-- MATERIAL FOR THIS EXERCISE --
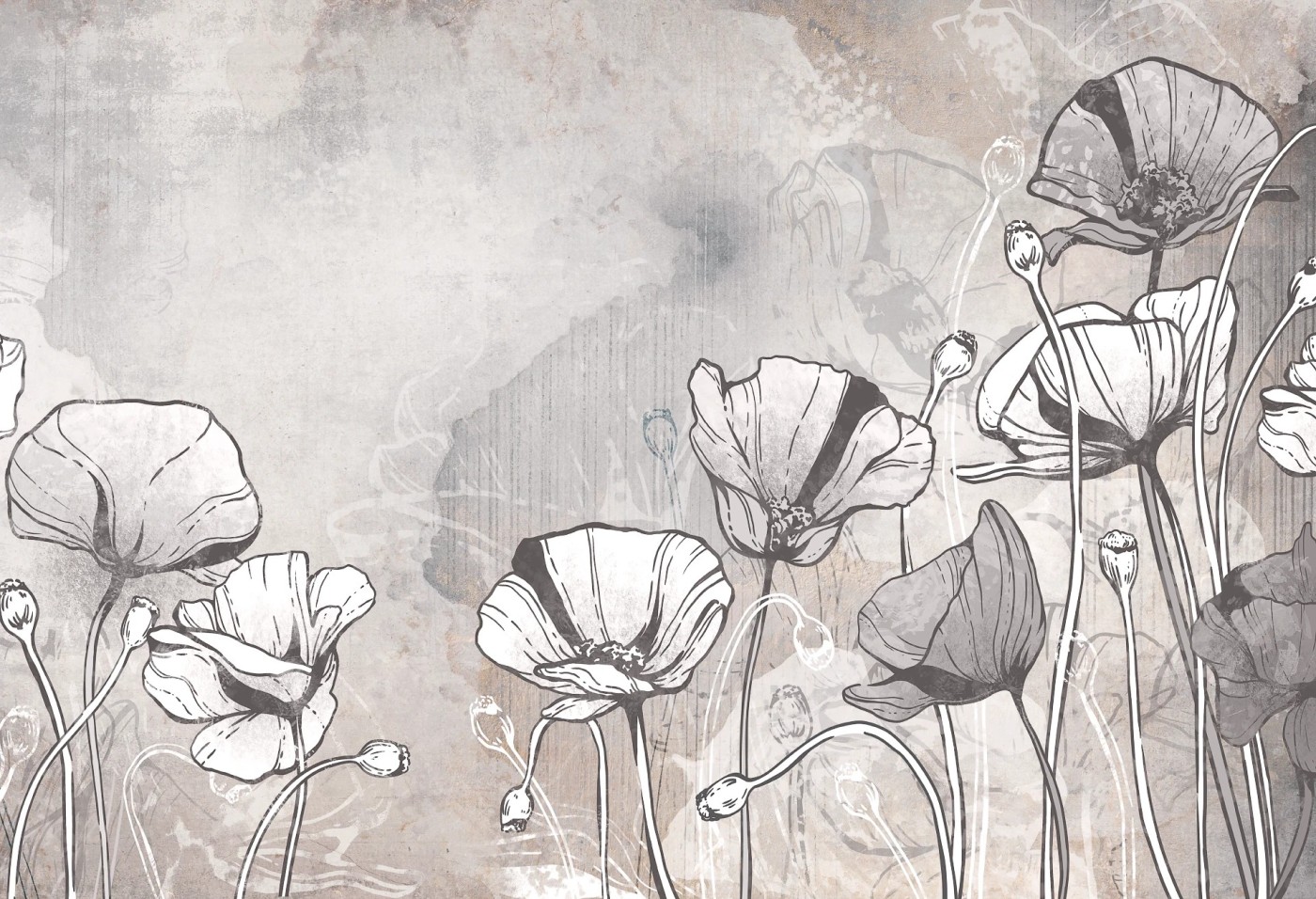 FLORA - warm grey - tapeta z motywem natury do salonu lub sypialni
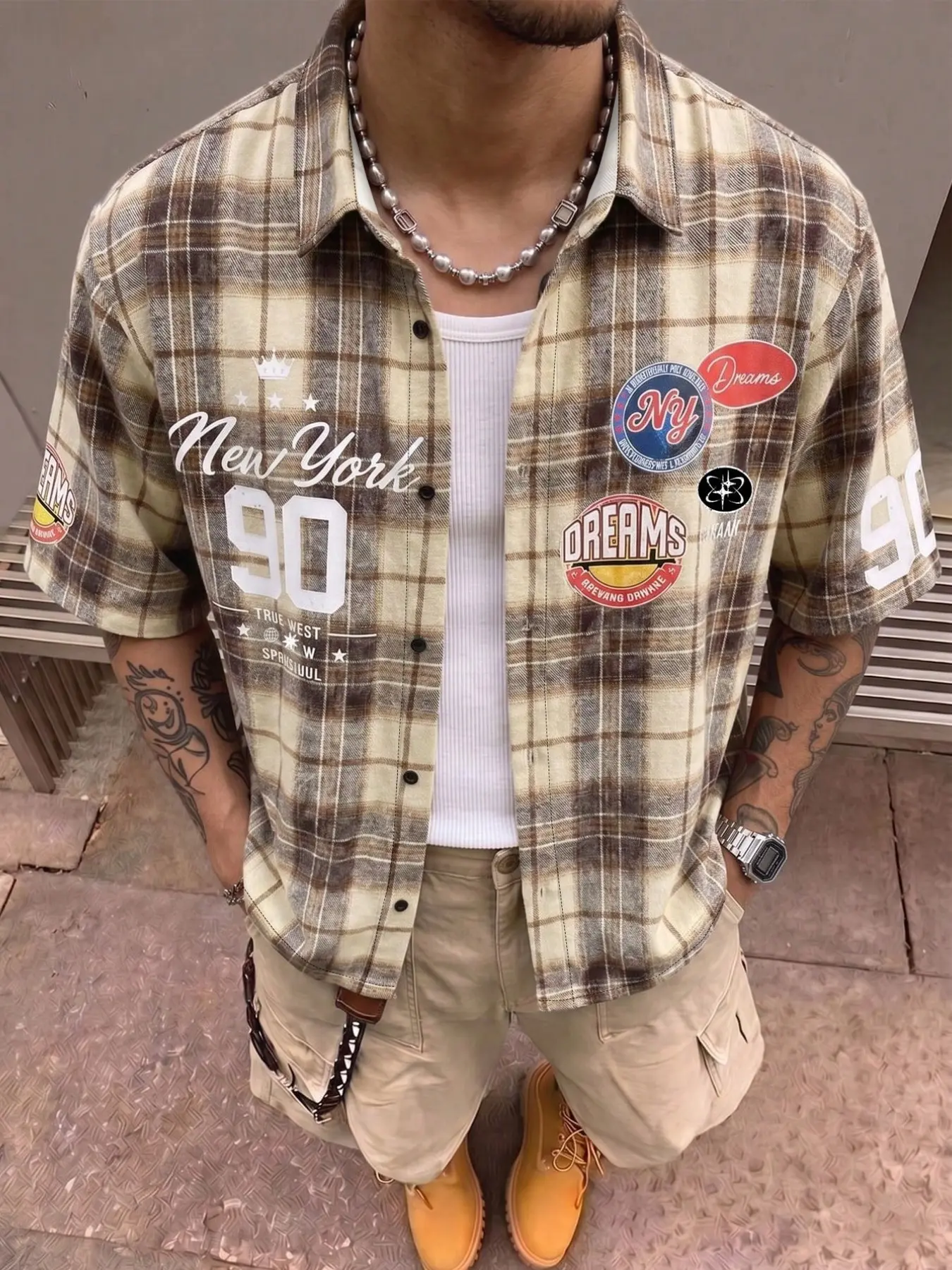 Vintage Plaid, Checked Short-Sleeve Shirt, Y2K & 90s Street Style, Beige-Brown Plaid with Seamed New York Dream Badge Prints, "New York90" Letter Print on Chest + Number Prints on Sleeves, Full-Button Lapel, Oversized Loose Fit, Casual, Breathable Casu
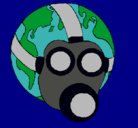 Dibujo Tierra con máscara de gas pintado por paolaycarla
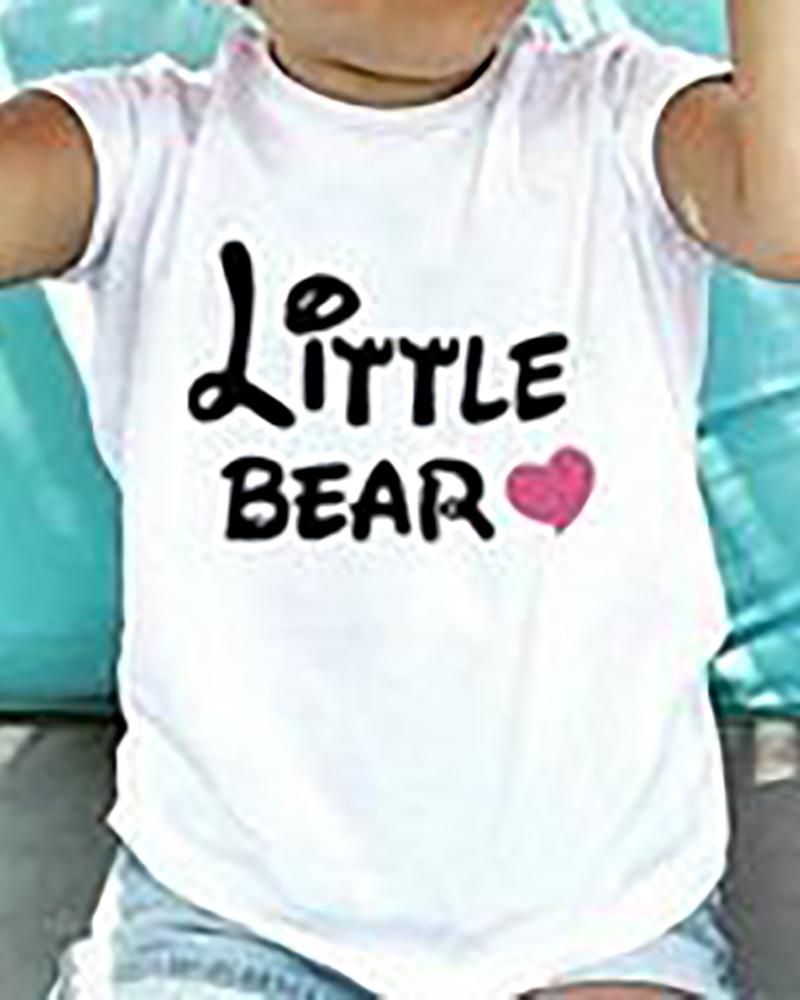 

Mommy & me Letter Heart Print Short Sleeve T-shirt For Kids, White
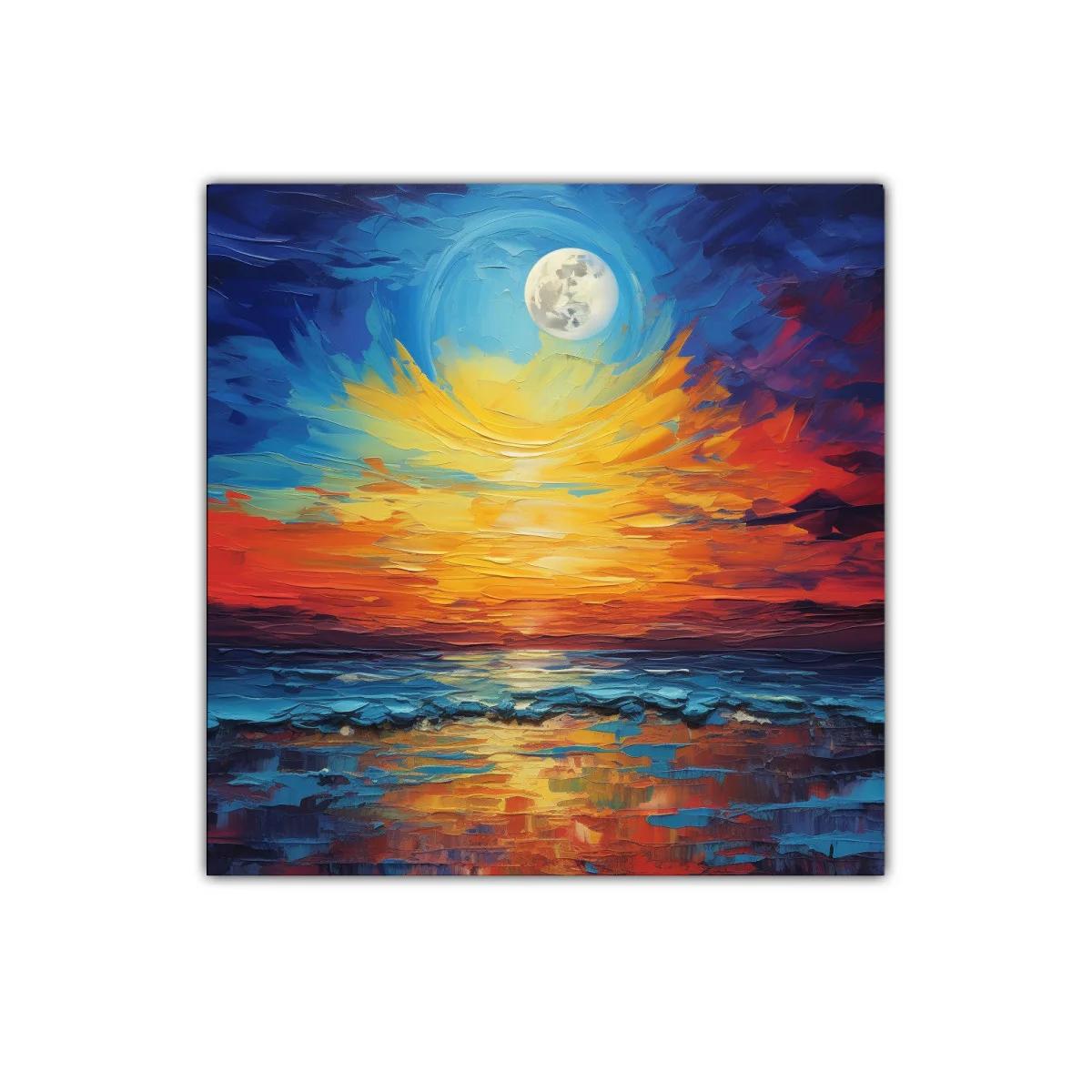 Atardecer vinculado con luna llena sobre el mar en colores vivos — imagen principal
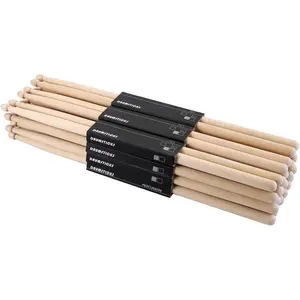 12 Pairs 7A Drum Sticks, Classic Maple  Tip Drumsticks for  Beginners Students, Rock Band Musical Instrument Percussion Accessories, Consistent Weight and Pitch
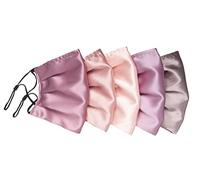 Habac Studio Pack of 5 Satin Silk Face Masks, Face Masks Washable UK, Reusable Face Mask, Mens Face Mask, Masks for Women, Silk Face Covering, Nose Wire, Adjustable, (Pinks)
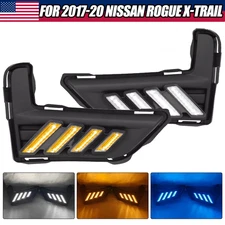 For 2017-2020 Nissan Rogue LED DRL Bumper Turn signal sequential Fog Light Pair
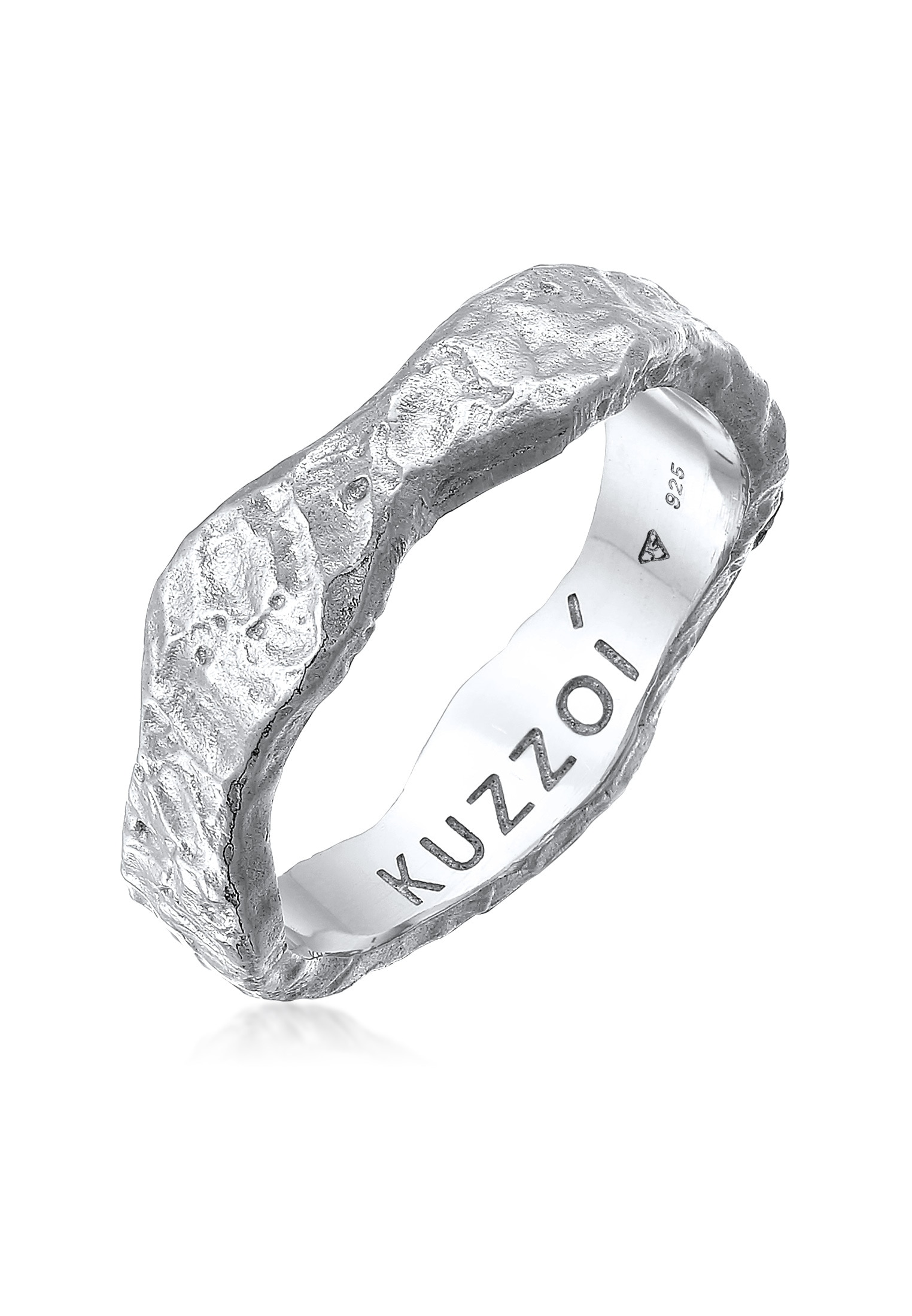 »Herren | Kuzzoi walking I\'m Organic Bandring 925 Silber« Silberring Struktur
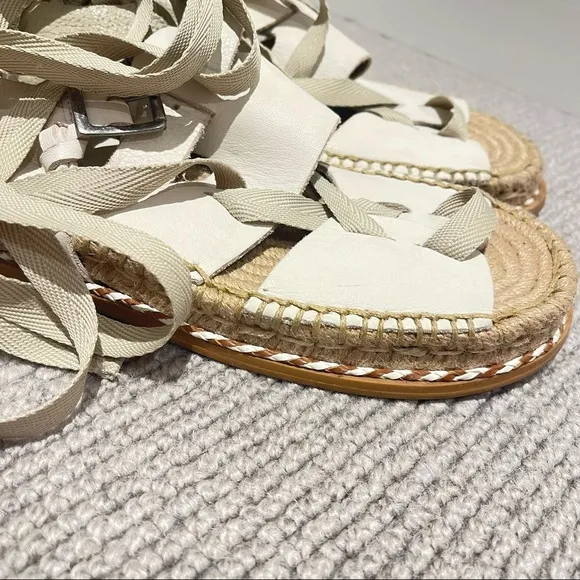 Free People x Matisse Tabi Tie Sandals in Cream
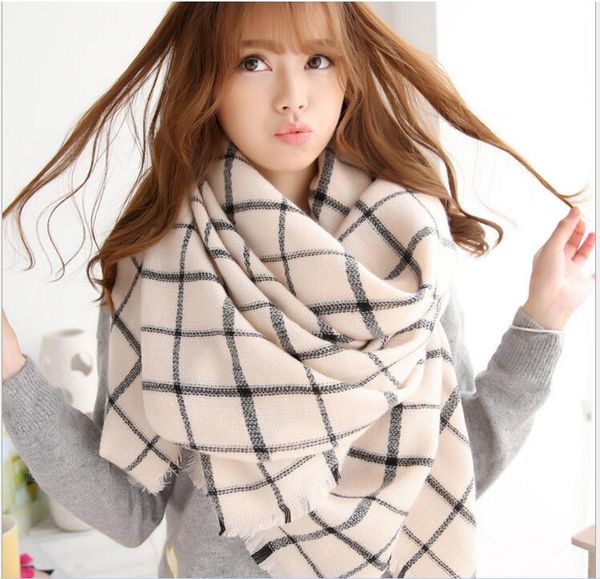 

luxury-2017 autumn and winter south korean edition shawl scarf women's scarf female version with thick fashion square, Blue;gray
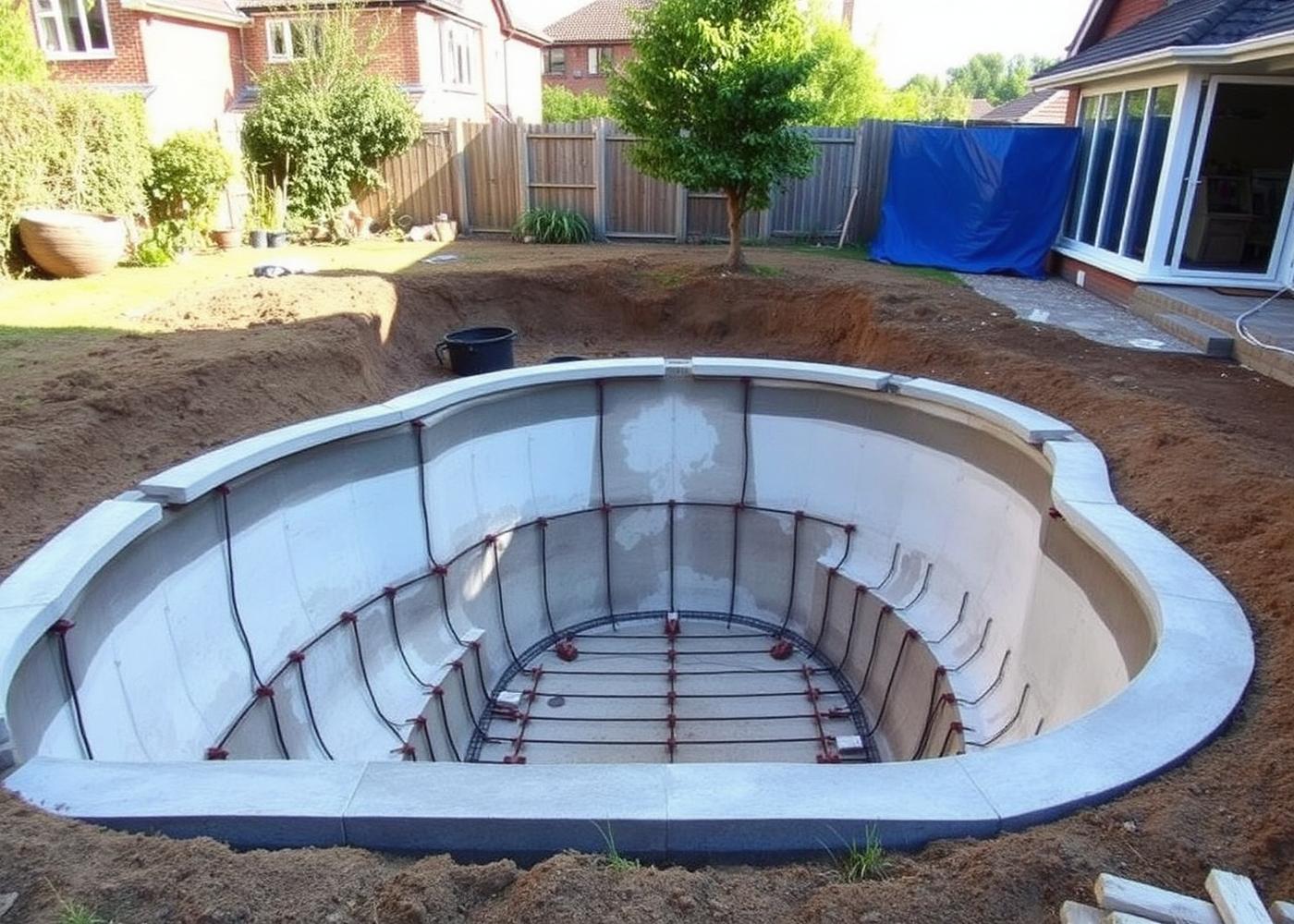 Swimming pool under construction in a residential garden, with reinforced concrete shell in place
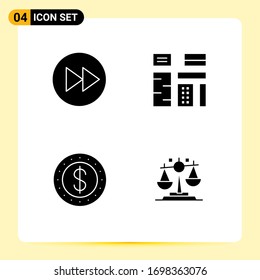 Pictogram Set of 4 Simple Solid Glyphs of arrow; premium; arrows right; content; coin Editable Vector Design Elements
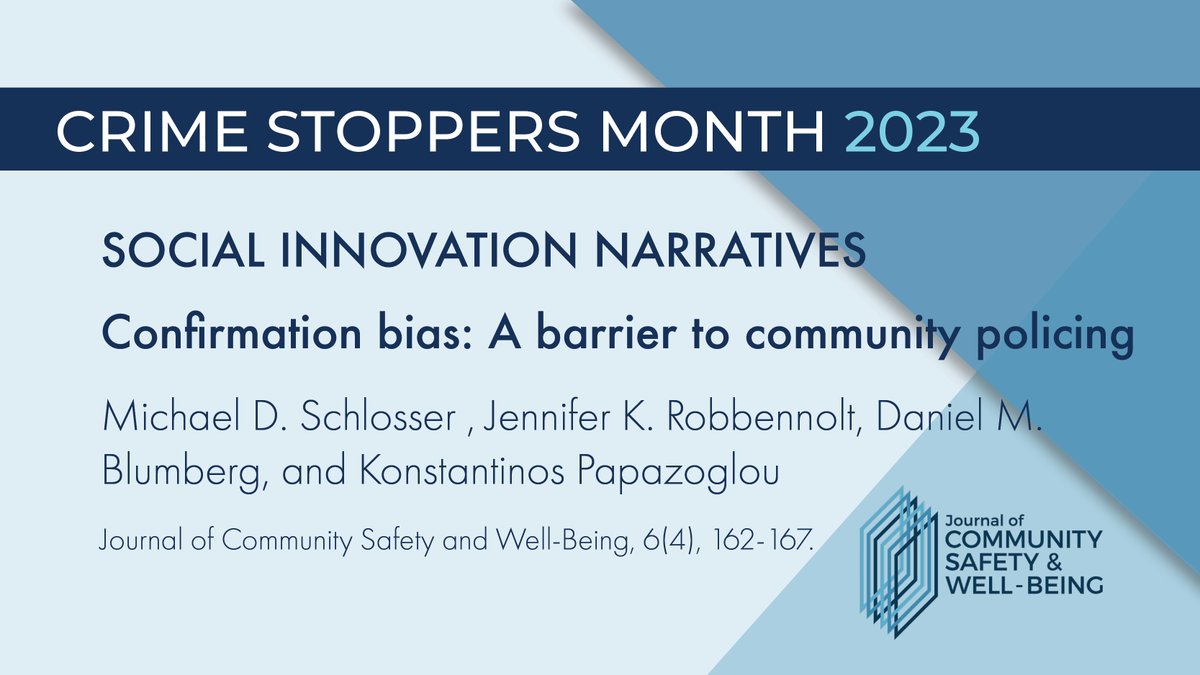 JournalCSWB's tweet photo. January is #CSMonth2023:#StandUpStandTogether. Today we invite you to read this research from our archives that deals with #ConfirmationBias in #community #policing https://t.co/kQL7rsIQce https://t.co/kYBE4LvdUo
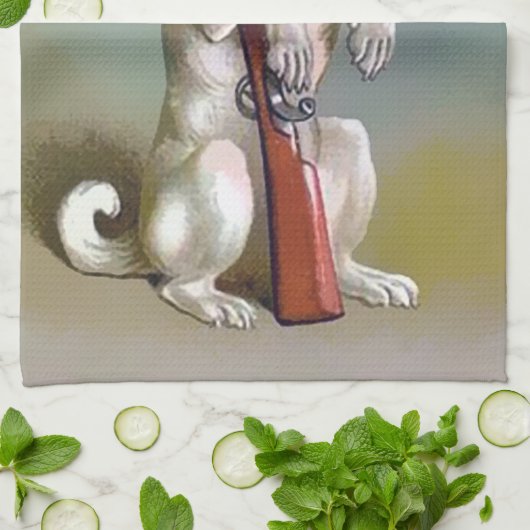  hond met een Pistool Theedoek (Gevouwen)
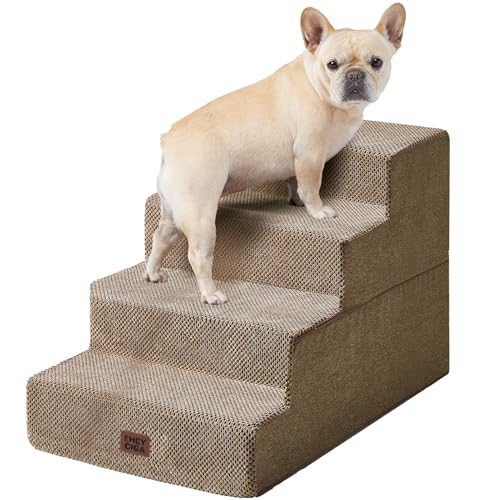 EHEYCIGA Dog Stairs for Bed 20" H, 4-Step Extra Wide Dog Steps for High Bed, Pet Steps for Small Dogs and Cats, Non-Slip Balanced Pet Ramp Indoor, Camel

-- ASSIGNMENT --
The answer must be an exact copy of the lines above, from the start of the records through the line with "12 Pairs 7A", and of nothing else; no pictures belong in it.

-- REPLY --
 FLORA - warm grey - tapeta z motywem natury do salonu lub sypialni
 Vintage Plaid, Checked Short-Sleeve Shirt, Y2K & 90s Street Style, Beige-Brown Plaid with Seamed New York Dream Badge Prints, "New York90" Letter Print on Chest + Number Prints on Sleeves, Full-Button Lapel, Oversized Loose Fit, Casual, Breathable Casu
 Dibujo Tierra con máscara de gas pintado por paolaycarla

Mommy & me Letter Heart Print Short Sleeve T-shirt For Kids, White
 Atardecer vinculado con luna llena sobre el mar en colores vivos — imagen principal
 12 Pairs 7A Drum Sticks, Classic Maple  Tip Drumsticks for  Beginners Students, Rock Band Musical Instrument Percussion Accessories, Consistent Weight and Pitch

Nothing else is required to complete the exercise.